Items from a dataset
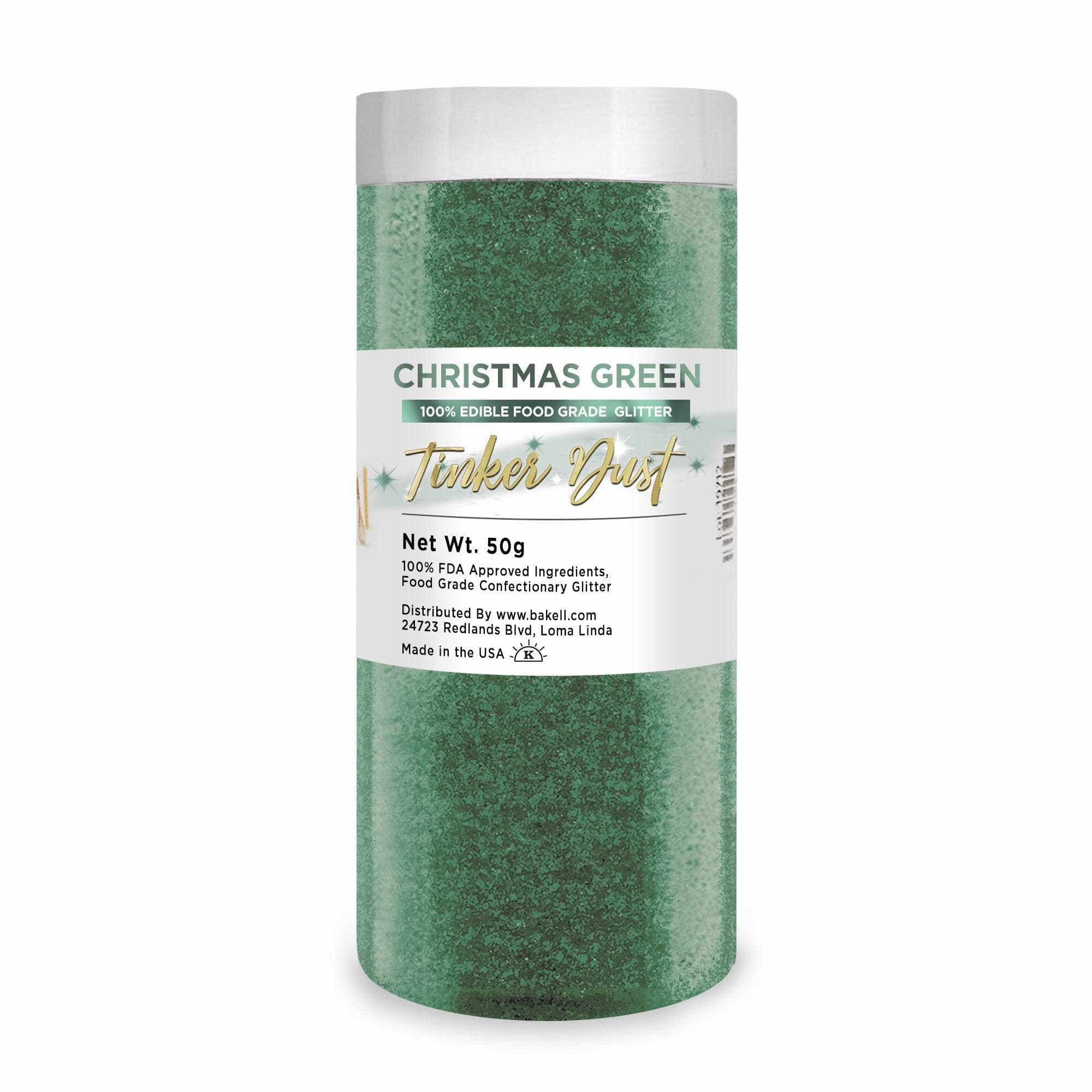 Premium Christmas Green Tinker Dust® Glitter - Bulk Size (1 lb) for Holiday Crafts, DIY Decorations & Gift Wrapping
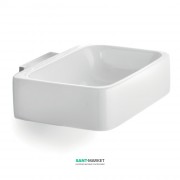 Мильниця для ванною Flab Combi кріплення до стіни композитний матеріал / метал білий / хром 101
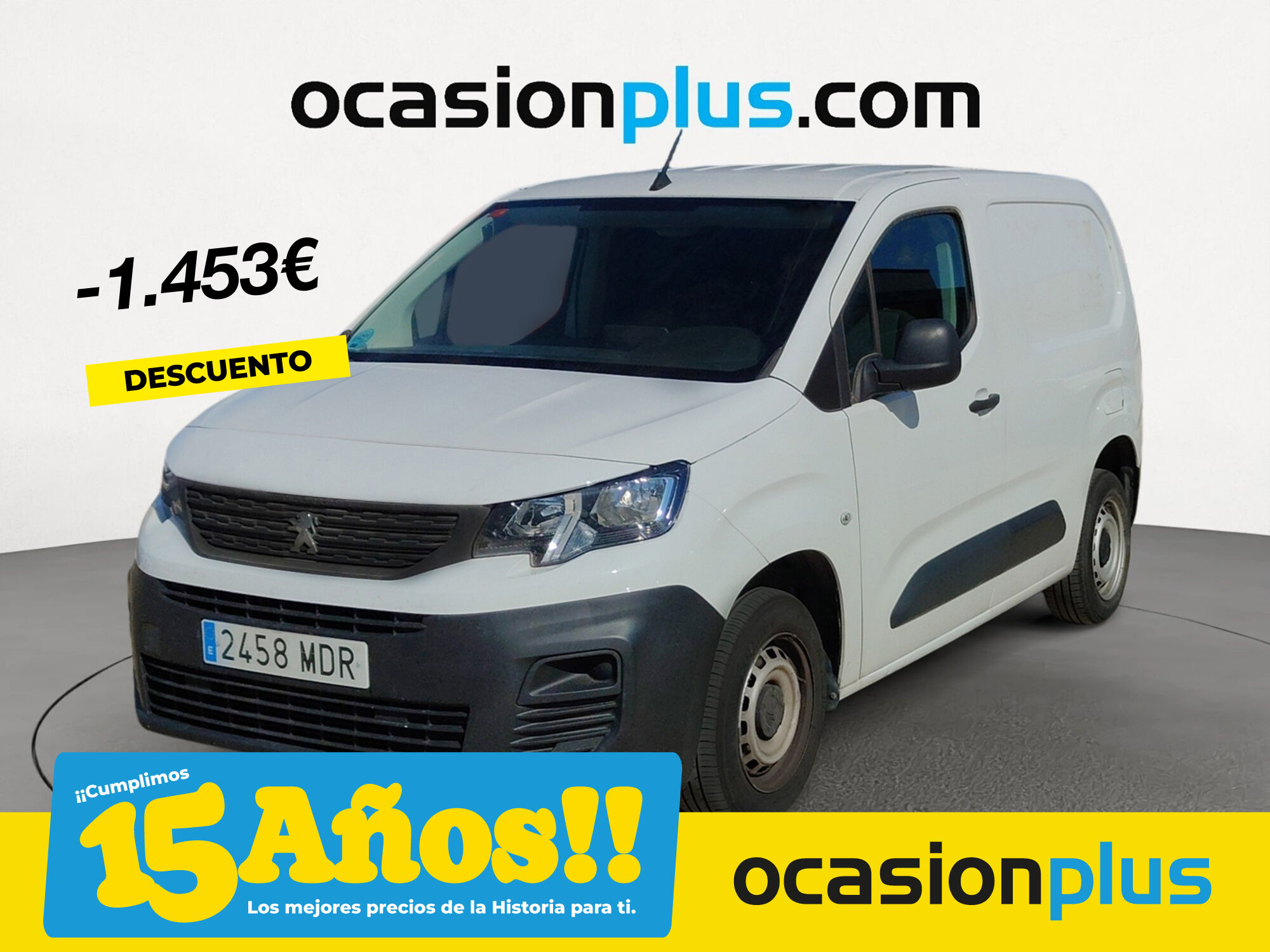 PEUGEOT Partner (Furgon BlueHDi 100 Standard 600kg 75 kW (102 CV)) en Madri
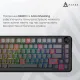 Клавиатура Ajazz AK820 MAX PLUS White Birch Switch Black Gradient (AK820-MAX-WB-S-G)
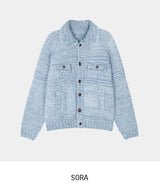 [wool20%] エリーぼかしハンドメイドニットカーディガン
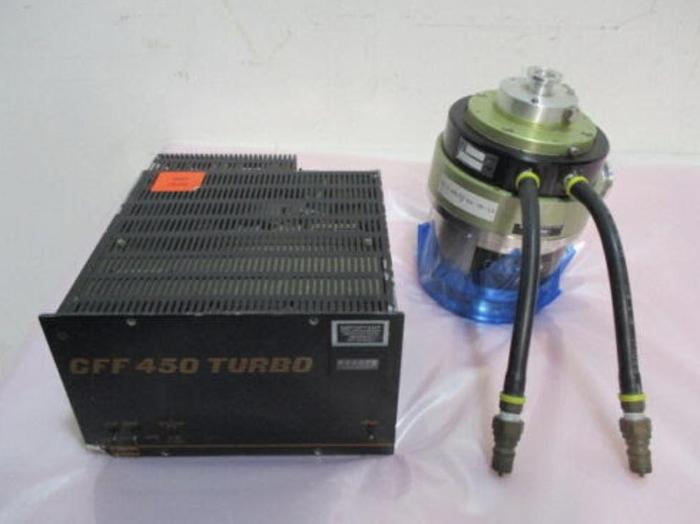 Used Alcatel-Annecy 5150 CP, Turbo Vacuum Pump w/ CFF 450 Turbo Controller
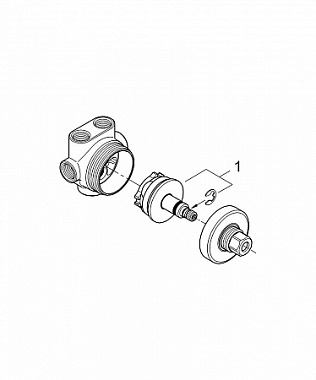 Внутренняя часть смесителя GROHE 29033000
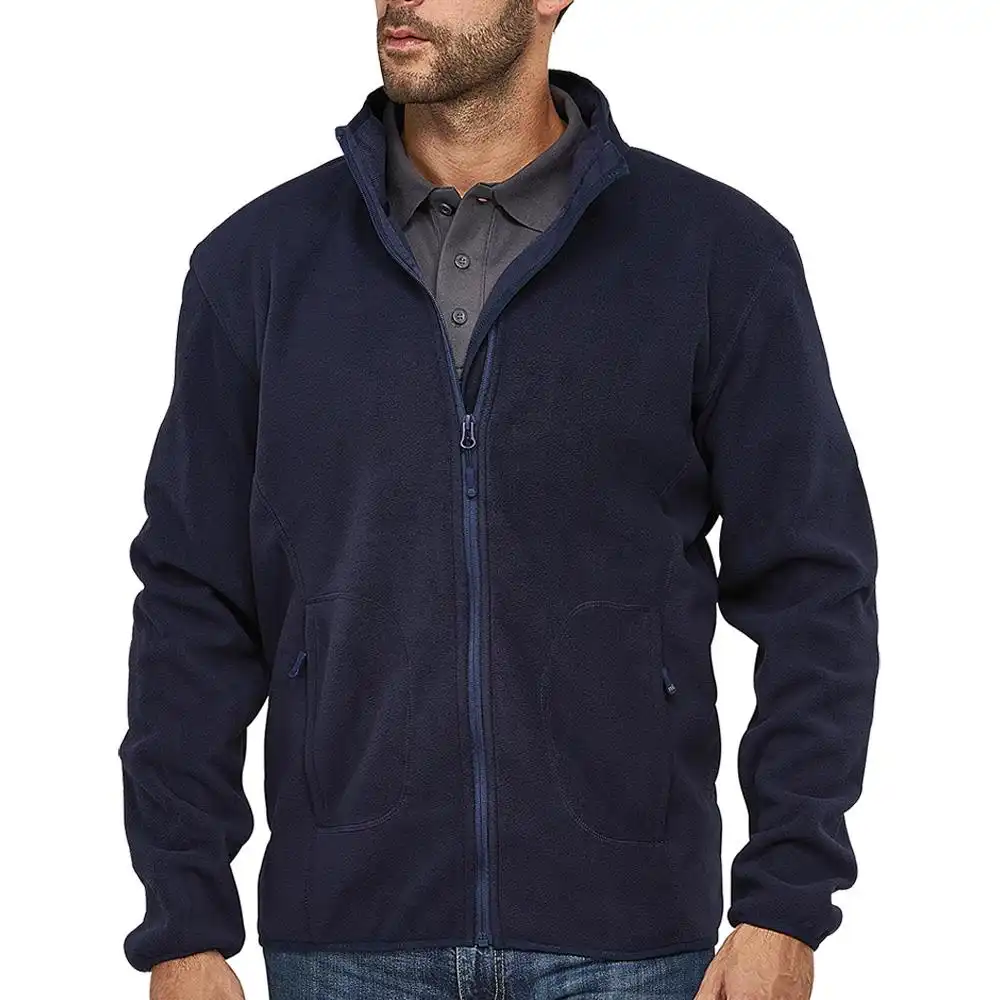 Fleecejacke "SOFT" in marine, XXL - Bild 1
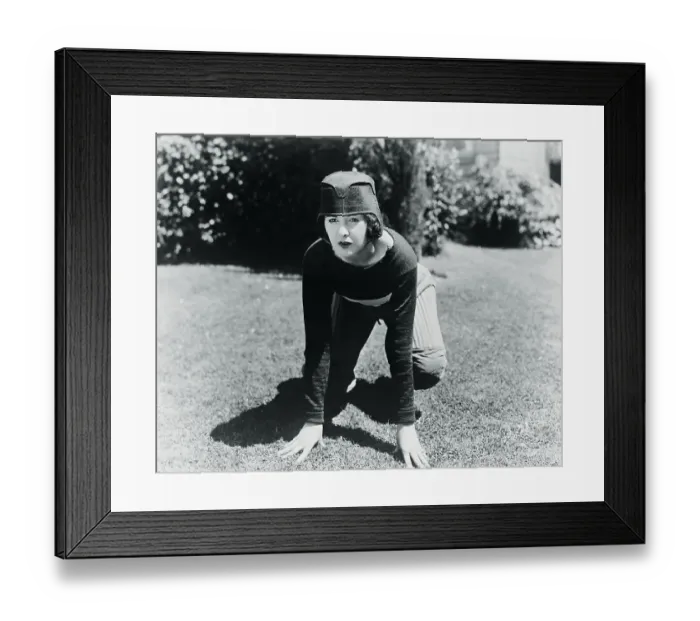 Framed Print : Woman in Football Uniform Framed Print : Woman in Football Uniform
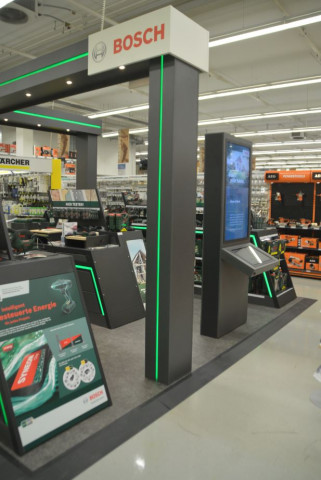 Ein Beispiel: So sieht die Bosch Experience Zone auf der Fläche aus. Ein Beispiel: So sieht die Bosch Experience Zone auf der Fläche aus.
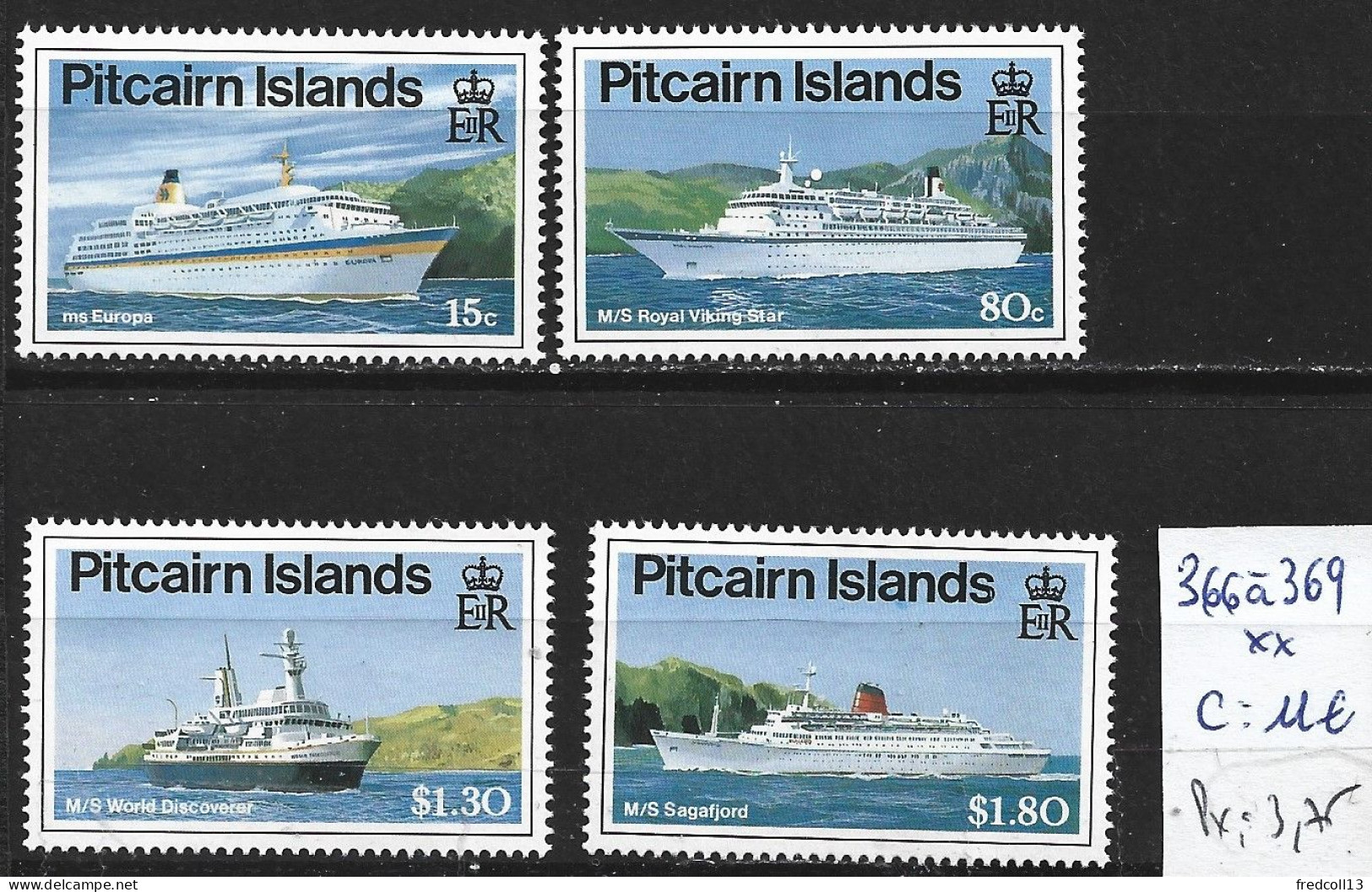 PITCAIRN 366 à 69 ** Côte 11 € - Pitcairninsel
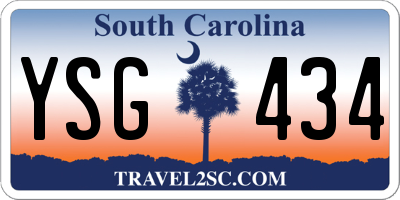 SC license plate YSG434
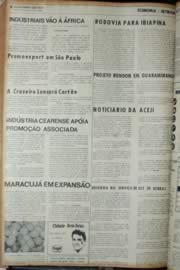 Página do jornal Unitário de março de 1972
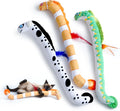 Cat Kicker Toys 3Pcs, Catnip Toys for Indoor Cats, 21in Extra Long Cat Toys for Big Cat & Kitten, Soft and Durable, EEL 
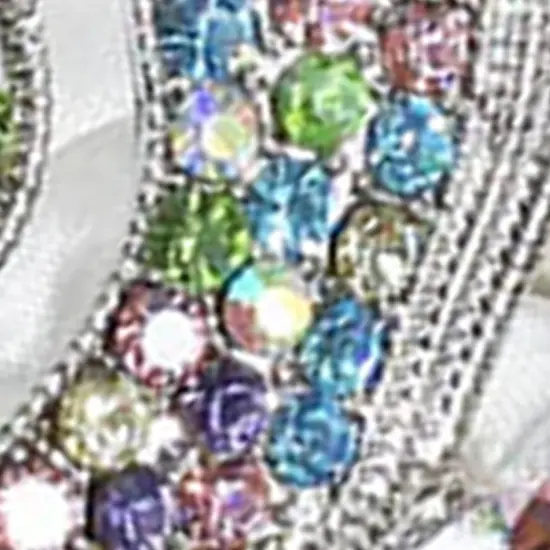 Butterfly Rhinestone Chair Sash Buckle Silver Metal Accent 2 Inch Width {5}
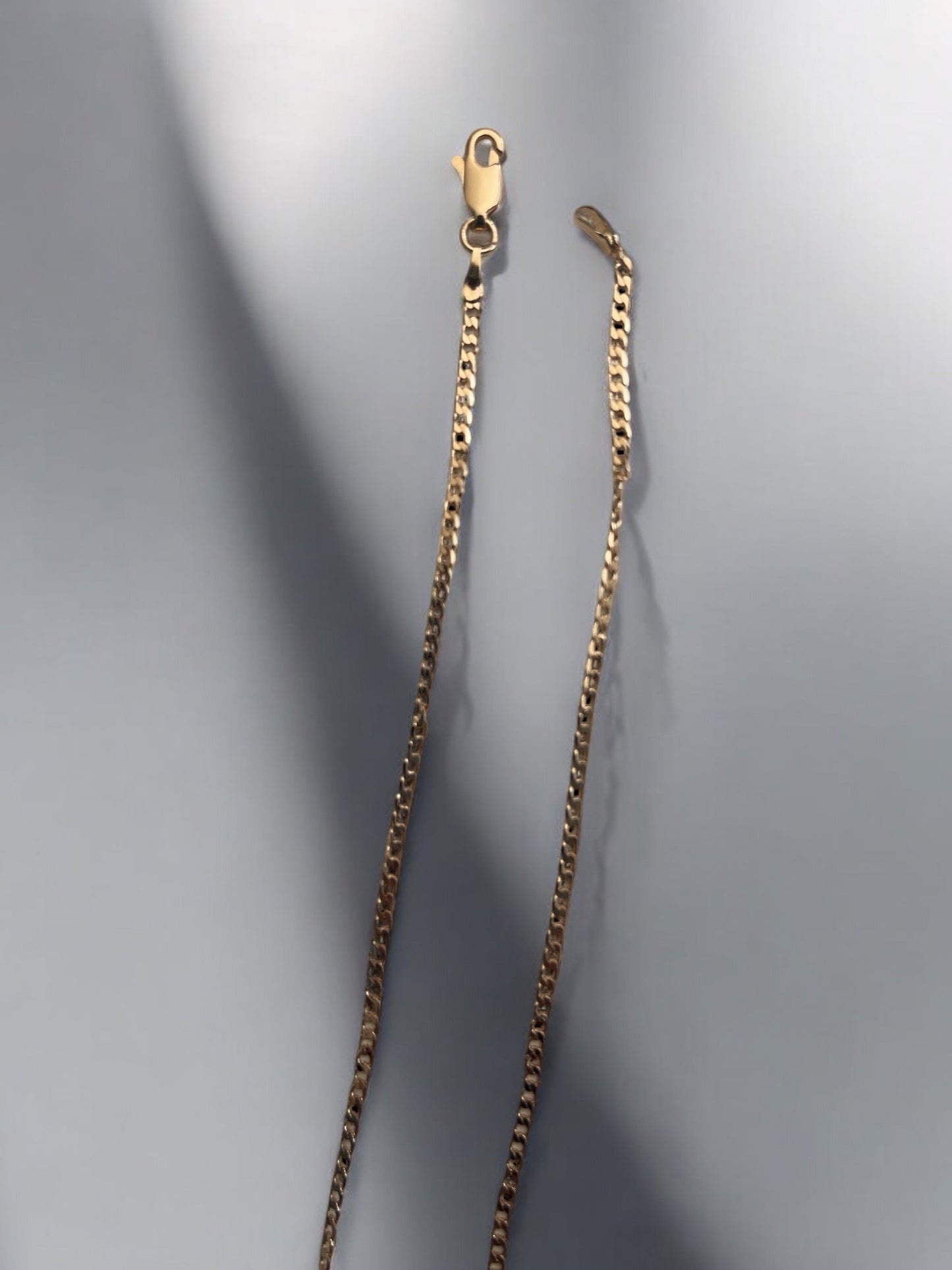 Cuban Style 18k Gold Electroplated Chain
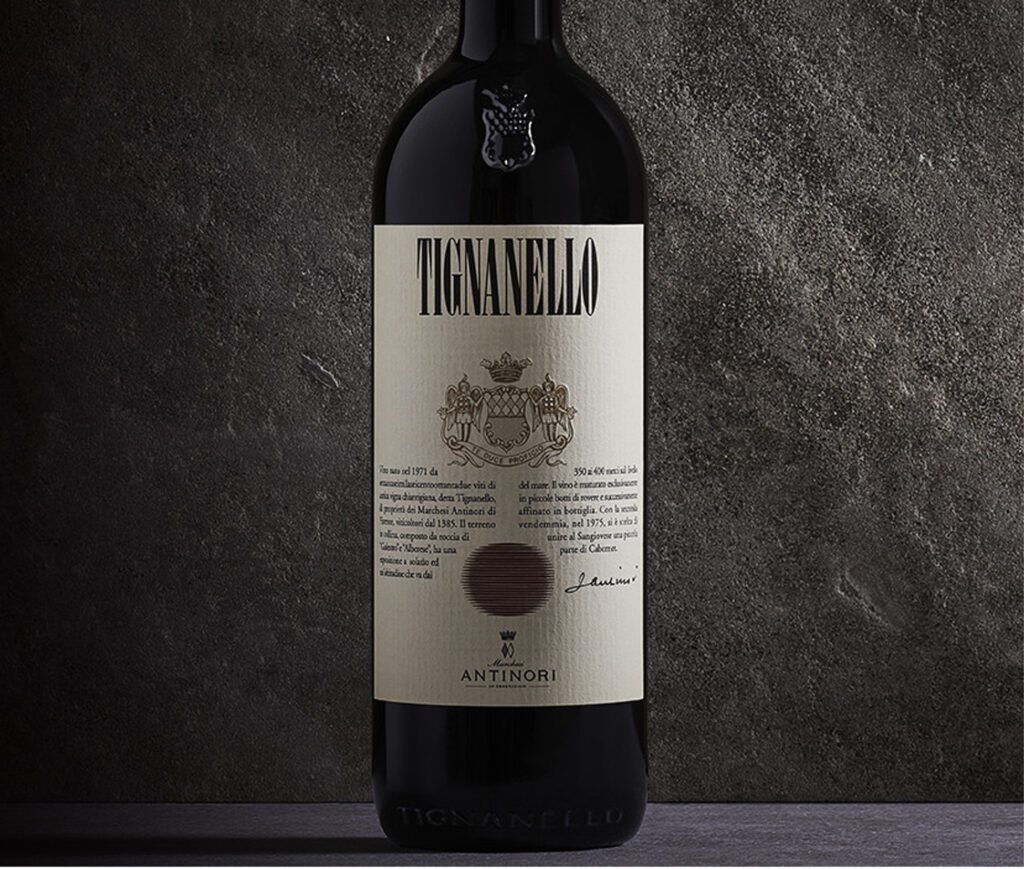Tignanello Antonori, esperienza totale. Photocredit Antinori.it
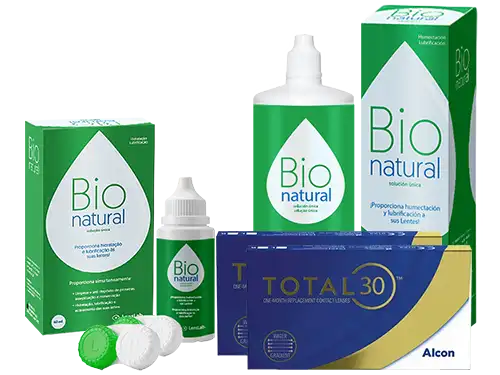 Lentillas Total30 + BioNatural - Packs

— Brief —
Copy exactly, please, every line from the one holding "Клавиатура Ajazz AK820" through the last line of the data, both ends included, and no pictures.

— Result —
 Клавиатура Ajazz AK820 MAX PLUS White Birch Switch Black Gradient (AK820-MAX-WB-S-G)
 [wool20%] エリーぼかしハンドメイドニットカーディガン
 Used Alcatel-Annecy 5150 CP, Turbo Vacuum Pump w/ CFF 450 Turbo Controller
 Внутренняя часть смесителя GROHE 29033000
 Fleecejacke "SOFT" in marine, XXL - Bild 1
 Framed Print : Woman in Football Uniform Framed Print : Woman in Football Uniform
 Ein Beispiel: So sieht die Bosch Experience Zone auf der Fläche aus. Ein Beispiel: So sieht die Bosch Experience Zone auf der Fläche aus.
 PITCAIRN 366 à 69 ** Côte 11 € - Pitcairninsel
 SC license plate YSG434
 Página do jornal Unitário de março de 1972
 Cat Kicker Toys 3Pcs, Catnip Toys for Indoor Cats, 21in Extra Long Cat Toys for Big Cat & Kitten, Soft and Durable, EEL 
 Butterfly Rhinestone Chair Sash Buckle Silver Metal Accent 2 Inch Width {5}
 Cuban Style 18k Gold Electroplated Chain
Tignanello Antonori, esperienza totale. Photocredit Antinori.it
 Lentillas Total30 + BioNatural - Packs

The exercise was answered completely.